Open tomwayson opened 4 years ago

tomwayson commented 4 years ago

So glad to see Ember finally trying to modernize it's outdated build system, which to me has felt like it's Achilles's heel. I watched Ed's EmberATX talk and followed along w/ my own build of the super-rentals app, and I really like where this is headed so far.

However, I was hoping that ember's loader.js would not be used at all (i.e. only use webpack's built in loader), but I see that vendor.js still has it, and see that see that the stage 3 output references window.define(). The problem is that even though ember's loader.js has a noConflict mode, Ember does not expose any way to enable that, which makes it hard to integrate libraries that (for reasons, like using a hosted Dojo 1 build, don't ask) need to be able to define that global. This has been a long standing problem for (I'll admit) a small group in the ember community. There are multiple addons dedicated to dealing w/ this problem (that I'm aware of):

https://github.com/richardaiko/ember-derequire https://github.com/Esri/ember-cli-amd https://github.com/Esri/ember-esri-loader (which I maintain)

All of which do some AST parsing or regEx to parse the build output and replace define and require with some alternate (like enifed and eriuqer), which is a really fragile hack that has required lot's of tweaking for edge cases over the years.

Is there any opportunity with embroider to fix this issue at the framework level so we can ultimately get rid of these addons?

ef4 commented 4 years ago

For Embroider this is mostly about compatibility. A lot of code in the ecosystem expects loader.js to be present. But you're right that Embroider removes most of the reasons loader.js was needed in the first place. The hard part is just getting everything else off that pattern. Including Ember's own resolver.

It would be possible to do an Embroider mode with no loader.js today. It involves turning off code that right now protects runtime define and require from being interpreted by webpack. But to make each require actually resolvable at build time, we'd need some fairly expensive analysis of all the vendor scripts to try to find the corresponding define. And we'd probably need to patch Ember's resolver to do a more legible thing when it's requiring modules (which is probably impossible under a classic build, but actually possible under Embroider given that we have a stage where we can statically see all the modules that have ended up in the app's namespace).

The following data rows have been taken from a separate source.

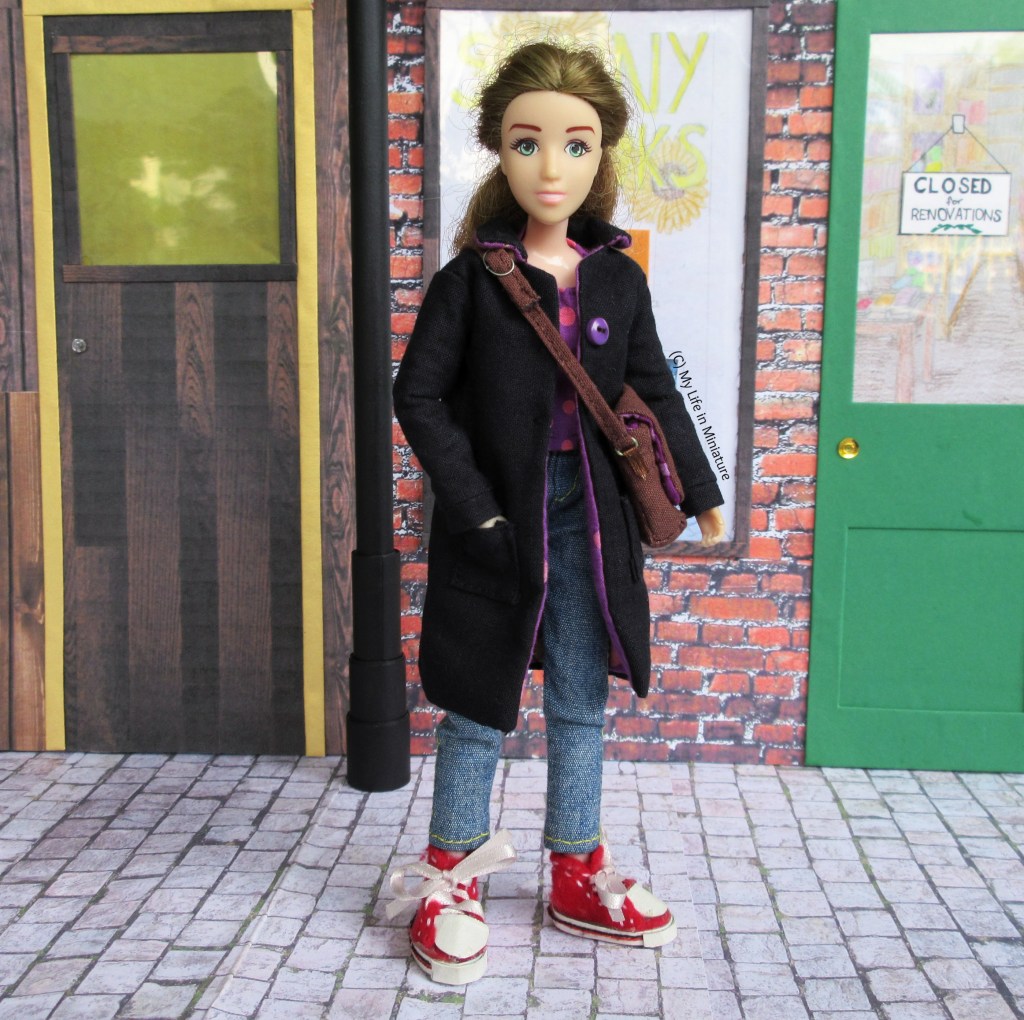 Sarah stands in front of The Palace Library, wearing her black coat and carrying her satchel. She has a hand in a coat pocket and smiles at the camera.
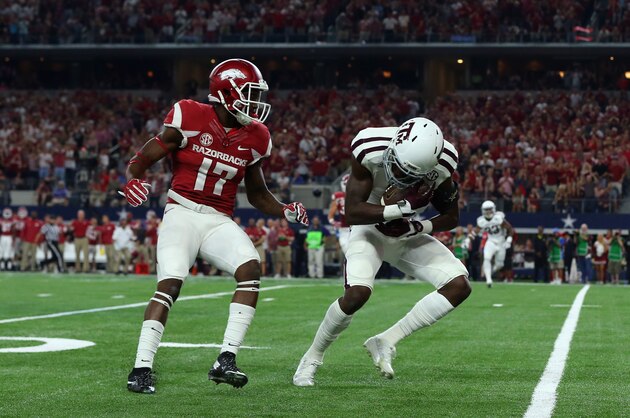 ARLINGTON, TX - SEPTEMBER 26:  Donovan Wilson #6 of the Texas A&M Aggies makes a pass interception in front of JoJo Robinson #17 of the Arkansas Razorbacks during the Southwest Classic at AT&T Stadium on September 26, 2015 in Arlington, Texas.  (Photo by Ronald Martinez/Getty Images)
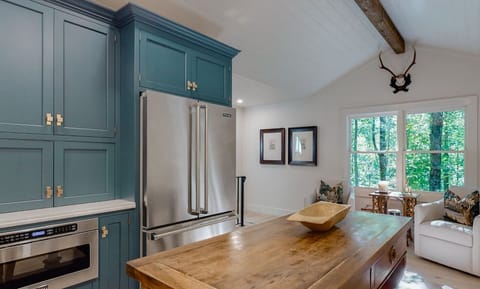 rustic kitchen with teal cabinetry and a large wooden island overlooking a forest view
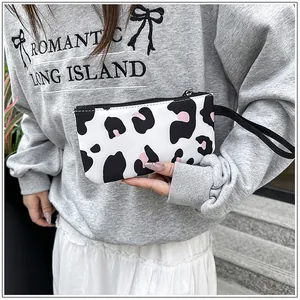 Handheld leopard print wristlet pouch with black zipper detail for stylish daily use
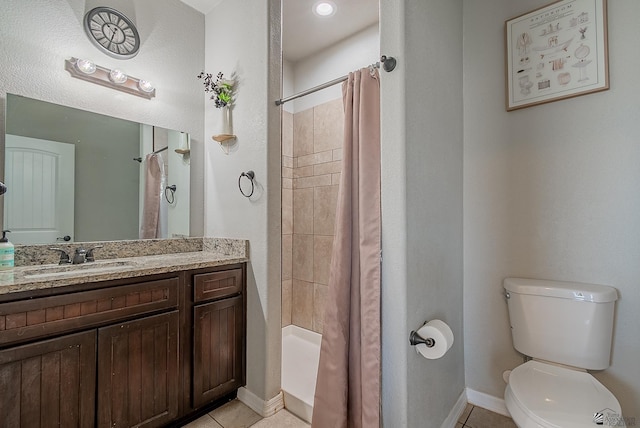 full bath with toilet, tile patterned floors, baseboards, and vanity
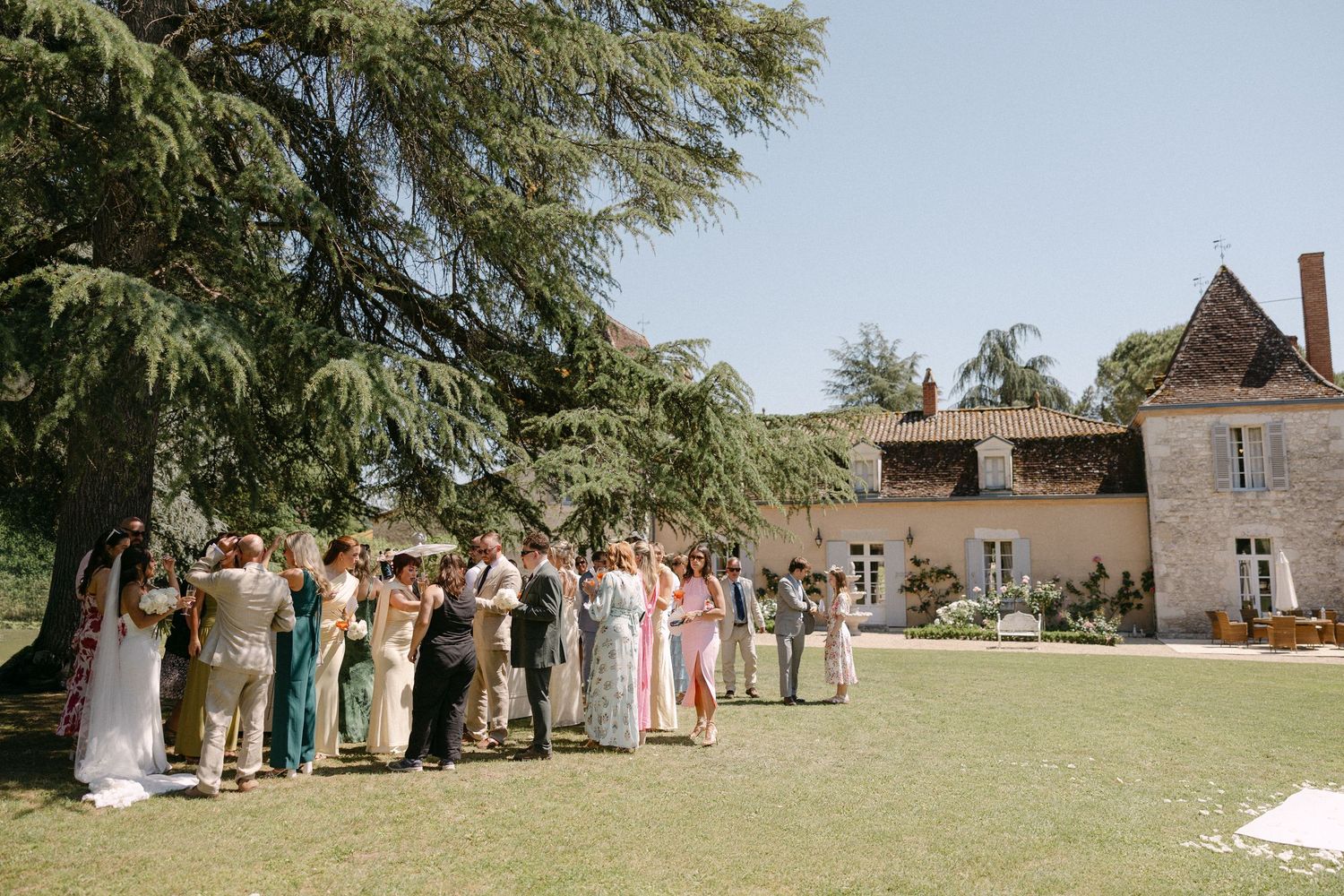 Wedding guests gathered on green lawn outside a charming French countryside chateau.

So overall, this would be an interesting capability and I'm not opposed if somebody else wants to work on it, but it's not high on my priority list. Keeping loader.js around helps more than it hurts right now in most cases, because eliminating it goes against the prevailing way things work in the ecosystem. To change that, we need to shepherd everybody away from directly accessing AMD.

It would be nice if somebody wants to take on the task of writing a thorough deprecation RFC for warning and then removing define and require. The challenge though is that it needs to explain what people should do instead in all the common cases. We have compelling answers for a lot of them (often it's "use ember-auto-import instead of manually shimming things). More dynamic cases are harder but I think I've covered most of them with the Embroider macro system (which works in both Embroider and classic ember-cli builds).